*** LISTED ENTRIES ***

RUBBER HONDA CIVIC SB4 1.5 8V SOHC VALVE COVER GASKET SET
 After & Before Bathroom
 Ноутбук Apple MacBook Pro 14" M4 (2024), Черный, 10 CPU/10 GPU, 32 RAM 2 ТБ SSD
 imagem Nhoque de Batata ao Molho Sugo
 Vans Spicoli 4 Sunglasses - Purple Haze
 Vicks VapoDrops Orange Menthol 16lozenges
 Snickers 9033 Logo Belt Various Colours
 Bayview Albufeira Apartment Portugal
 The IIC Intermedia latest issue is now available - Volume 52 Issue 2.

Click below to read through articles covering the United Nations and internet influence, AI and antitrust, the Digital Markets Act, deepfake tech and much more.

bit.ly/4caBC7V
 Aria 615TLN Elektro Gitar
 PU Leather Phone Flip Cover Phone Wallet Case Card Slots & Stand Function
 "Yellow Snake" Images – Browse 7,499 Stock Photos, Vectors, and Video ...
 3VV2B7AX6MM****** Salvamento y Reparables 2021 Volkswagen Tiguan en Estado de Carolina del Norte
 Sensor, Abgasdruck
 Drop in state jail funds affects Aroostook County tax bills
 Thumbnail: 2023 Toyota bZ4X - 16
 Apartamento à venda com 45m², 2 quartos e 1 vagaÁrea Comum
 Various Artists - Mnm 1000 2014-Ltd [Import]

*** End of LISTED ENTRIES ***

#### [YOUR TASK]
Across the data, pull every line containing the string "Various".

#### [EXERCISE OUTPUT]
 Snickers 9033 Logo Belt Various Colours
 Various Artists - Mnm 1000 2014-Ltd [Import]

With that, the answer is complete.